Rendre pornographique Game of Thrones : un projet condamné à l’échec ? Les créateurs de South Park faisaient déjà en 2014 de George R.R. Martin un pornographe, en insistant sur son obsession pour les pénis turgescents. Comme s’il s’affublait de la casquette d’un créateur œuvrant pour Playboy, Martin déclarait alors au cours du ComicCon: « On m’a dit que mon personnage dans South Park est obsédé par les bites. Je démens cette rumeur calomnieuse. Les bites c’est très bien, mais je ne suis pas obsédé par ça. Je préfère les nichons;”

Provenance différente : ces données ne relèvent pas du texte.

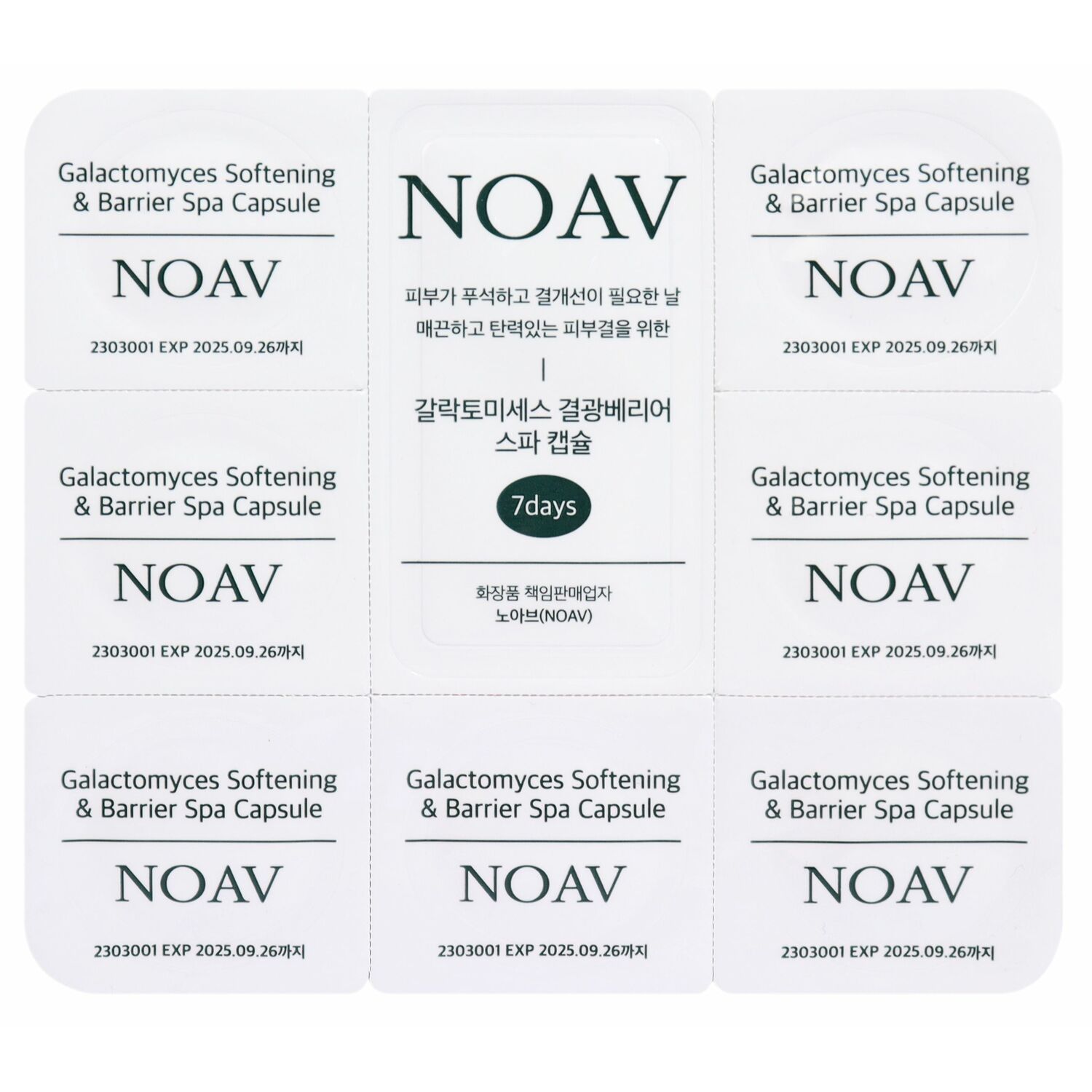GALACTOMYCUS SOFTENING & BARRIER SPA CAPSULE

Nombreux sont les blogs chrétiens, tels le Think Catholic de Janelle Sanchez, à critiquer la série en raison de la banalisation du sexe explicite qu’elle semblerait proposer. A travers son billet explicite (« Game of Thrones is porn« ) Sanchez nous affirme ainsi que « être un chrétien et regarder Game of Thrones est un péché« , que cette série, insultante à l’égard des femmes, serait l’incarnation du Mal et nous éloignerait d’un « monde plein d’espoir« , c’est-à-dire du « monde réel« .
Une rhétorique boiteuse puisque se concluant sur un extrême, à savoir une citation du tueur en série Ted Bundy: « Si vous souhaitez que les gens ne deviennent pas comme moi, ne brûlez pas L’Attrape-Cœurs de JD Salinger, brûlez Hustler ». Un renvoi direct au combat de Larry Flynt (créateur en 1972 de la revue cochonne Hustler), s’opposant aux nombreuses ligues de vertu américaines avant de finalement intenter un procès à Jesse Helms, l’un des grands noms de la droite chrétienne ultraconservatrice. Si Flynt se battait pour la liberté d’expression – le droit à la caricature – de quelle nécessité sociale la série HBO serait-elle alors le nom ?
(Anissa Kate et Aruba Jasmine)
La réponse est envisageable : de manière plus ou moins effective, Game of Thrones participerait à la démocratisation de la pornographie. Le show alimente l’industrie pornographique en lui inspirant des détournements, mais, plus encore, elle nous convie à l’explorer. Talentueuse sociologue, spécialiste des gender studies et contributrice régulière à la revue universitaire Porn Studies, Chauntelle Tibbals expliquait le succès du « fake incest » en le rapprochant directement de la popularité de Game of Thrones.
« Historiquement et culturellement, ce qui rend la pornographie si envoûtante est de toute évidence son côté « tabou ». Aujourd’hui, parler librement de sexualité n’est plus si compliqué. Notre accès digital au sexe a certainement rendu le porno moins polémique. Du coup ce n’est pas si étonnant de voir que les dérivations « tabous » soient au centre des conversations. En fait, notre intérêt pour la chose n’est pas tant galvanisé par l’industrie des films pour adultes que par le divertissement mainstream – pensez par exemple à la relation entre Cersei et Jaime Lannister. Il est permis de penser que les sujets tabou dépeints dans les fictions « non-tabous » donnent justement aux spectateurs la permission sociale d’explorer par la suite un contenu plus érotique, plus hardcore. »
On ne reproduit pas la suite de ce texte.